Opinion

What Joyce Echaquan Knew

Pam Palmater: Systemic racism in health care continues because it has been normalized, ignored and denied, while the system places an onerous burden on First Nations peoples to prove racist hospital treatment

A woman smudges during a march to demand justice and raise awareness for Echaquan (Christinne Muschi/Reuters)

A woman smudges during a march to demand justice and raise awareness for Echaquan (Christinne Muschi/Reuters)

Dr. Pam Palmater is a member of the Eel River Bar First Nation in New Brunswick and Chair in Indigenous Governance at Ryerson University.
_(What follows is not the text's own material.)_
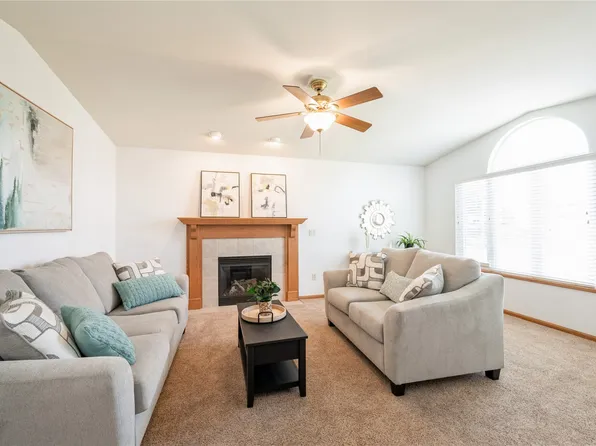 2622 Navajo Ave SW, Cedar Rapids, IA 52404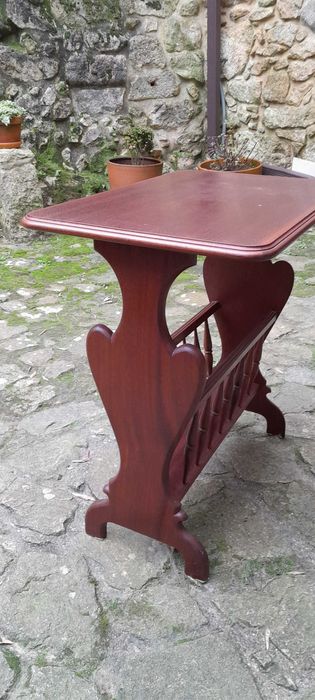 mesa para revista como nova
Imagine being hospitalized with a serious health condition and instead of being treated with professional care and compassion by the hospital, the last words you hear from hospital staff are that you are a drain on the health-care system and better off dead. This is the experience of Joyce Echaquan, a 37-year-old Atikamekw mother of seven, who used her phone to record hospital staff in Joliette, Que., abusing her with racist and misogynistic insults before she died. A First Nations woman who dies after being told she would be better off dead raises serious questions about the impacts of systemic racism on the lifespan of First Nations.
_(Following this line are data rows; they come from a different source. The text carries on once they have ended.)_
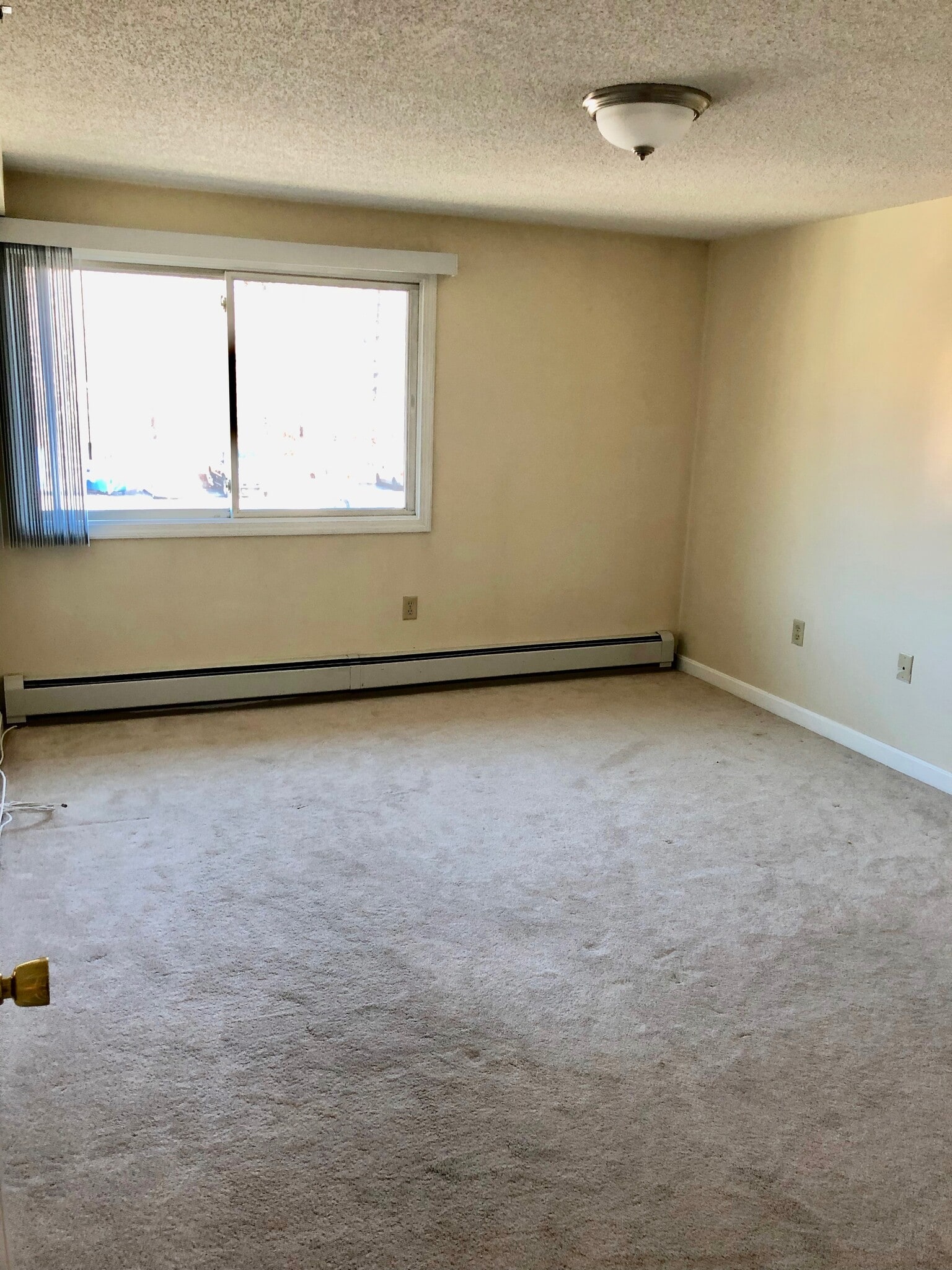 Building Photo - 688 Boston Post Rd E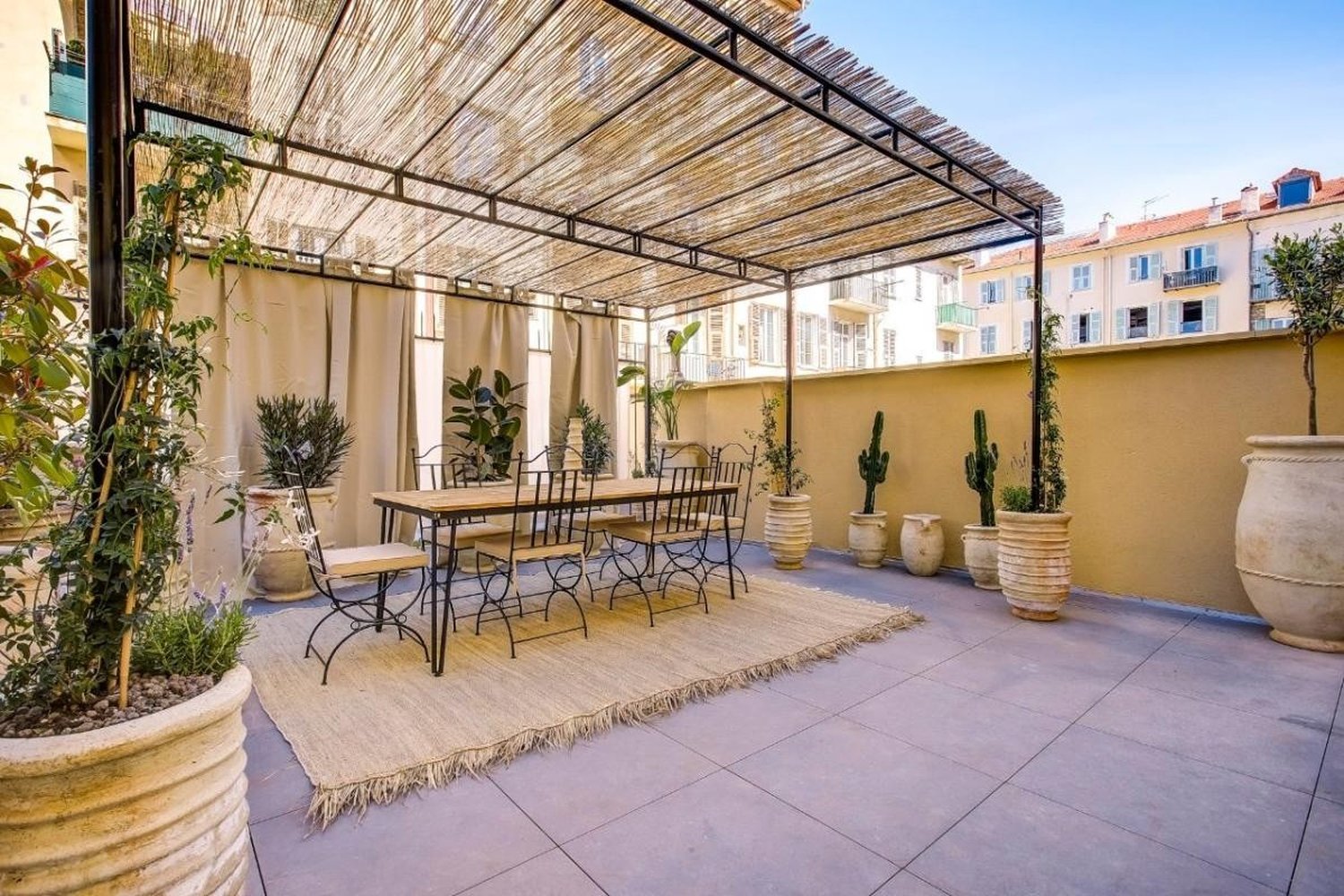 Property photo in Carre d'Argent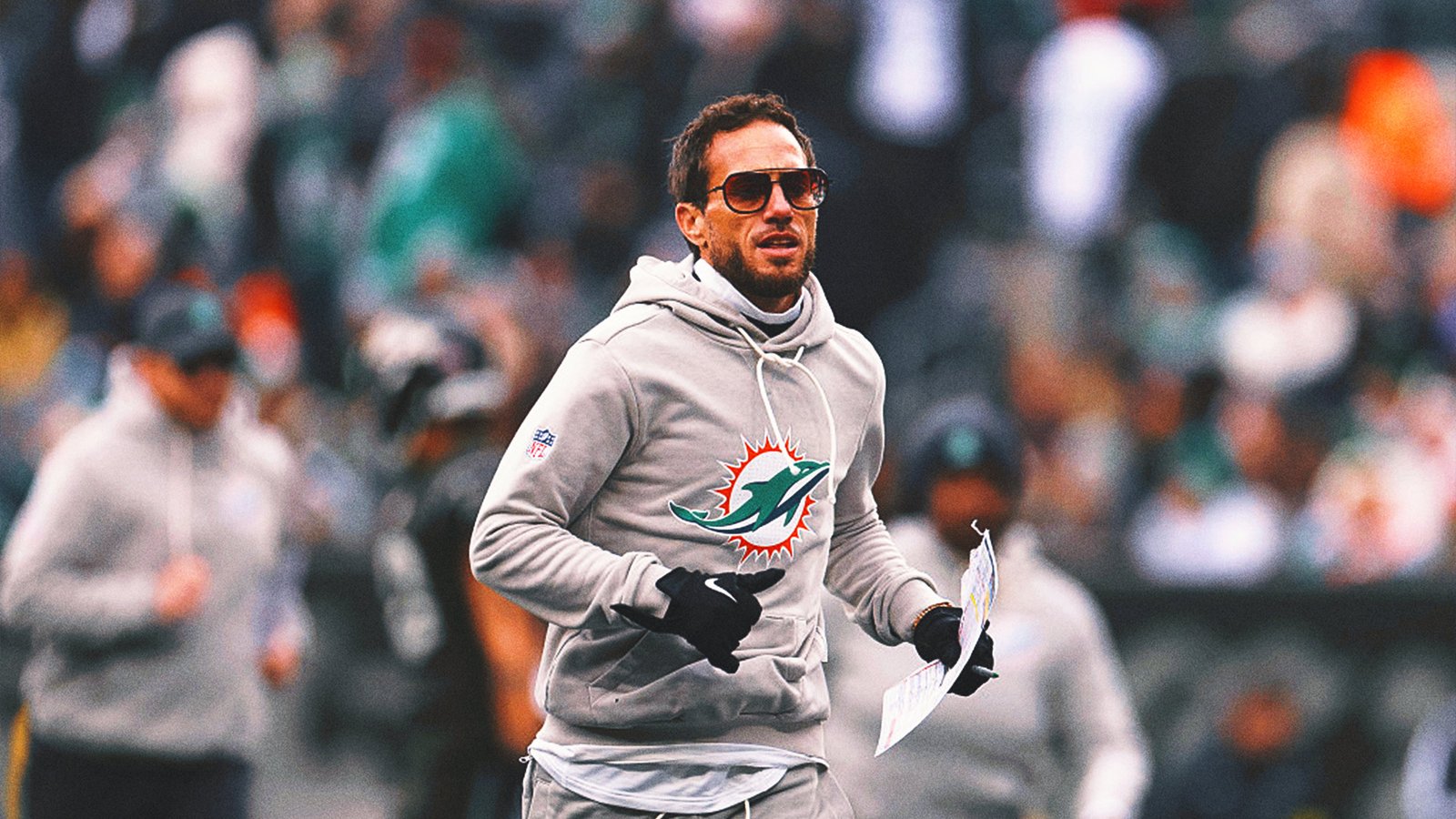 Chargers Expected To Hire Former Dolphins Head Coach Mike McDaniel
A recent study published by the Canadian Medical Association Journal found that Indigenous peoples have a 30 per cent higher death rate post-surgery than non-Indigenous patients. Further, Indigenous patients suffered higher rates of post-surgical complications and hospital readmissions. We also know that cancer rates for First Nations are increasing and that First Nations women fare far worse in terms of breast cancer survival rates than non-First Nations patients. Many studies point to a lack of access to cancer screening, health-care supports and hesitancy to seek out medical care due to racist, sexist treatment by health-care professionals.

More than 9,000 people were interviewed for a report called “In Plain Sight: Addressing Indigenous-specific Racism and Discrimination in B.C. Health Care”; 185,000 data sets were reviewed and 600 cases logged. The report found that anti-Indigenous racism in health care is widespread and primarily targets First Nations. Racist stereotypes held by health-care workers about First Nations being drunks, drug seekers or less worthy of care manifest in ways that negatively impact the health and lifespan of First Nations due to denial of service, minimizing health concerns, rough treatment sometimes resulting in injuries, and medical mistakes and misdiagnosis rooted in racist assumptions. This has resulted in lethal outcomes for First Nations, with particular risks for women.

None of this is news. There have been many public inquiries, commissions, investigations and coroner’s reports citing the impact of anti-Indigenous racism on health outcomes. The Royal Commission on Aboriginal Peoples issued its report in 1996, outlining racism in Canada’s laws, policies and institutions that has created the poor socio-economic conditions in First Nations that in turn lead to poor health outcomes. The Truth and Reconciliation Commission report in 2015 called for anti-racism training for those educated in the health-care system. Most recently, the National Inquiry into Missing and Murdered Indigenous Women and Girls found Canada—all levels of government and their institutions—guilty of historic and ongoing genocide against Indigenous peoples. The report made a direct link between government and institutional desires to “maintain the status quo and their lack of will to make real change” and the high rates of violence against Indigenous women and their families, especially in the health-care system.

That is exactly what is playing out in Quebec at the coroner’s investigation into racist treatment suffered by Echaquan before her death. Quebec coroner Géhane Kamel, who is investigating the circumstances around Echaquan’s death, has expressed incredulity at the testimony of doctors and nurses from the Joliette hospital: all claim never to have heard racist comments about Atikamekw peoples at their hospital; none say they ever discussed Echaquan’s death. Referencing the testimony of Atikamekw people who expressed fear of the hospital, especially its nurses, Kamel told the hospital staff to be honest. She even wondered aloud whether they had been coached.

Therein lies the nature of the problem—systemic racism in health care continues because it has been normalized, ignored and denied by the offenders, who do so with a high degree of impunity. There is even a publication ban on the names of the hospital nurses involved in the investigation. The system has long protected offenders and places an onerous burden on First Nations peoples to prove racist hospital treatment and how it impacts their health. Were it not for Echaquan’s phone recordings, there would be no investigation or media attention on the racist attacks she experienced from hospital staff before her death. Yet, even now, with the video- and audio-recorded evidence, one nurse involved says she isn’t racist—just overworked.

No one wants to be held to account for racism in health care: not the offenders; not the professional health associations and unions; not the educational institutions or governments. Yet, the continued refusal to address systemic racism in health care, particularly against First Nations, perpetuates increasingly poor health outcomes, denial of health care and avoidance of health-care institutions, as well as misdiagnosis and even death. According to medical experts, Echaquan could be alive today had they given her the health care she needed. A few cultural awareness training sessions are not going to address this massive problem, because the problem has never been First Nation cultures; the problem is the racist culture in health care. That’s on them, not us.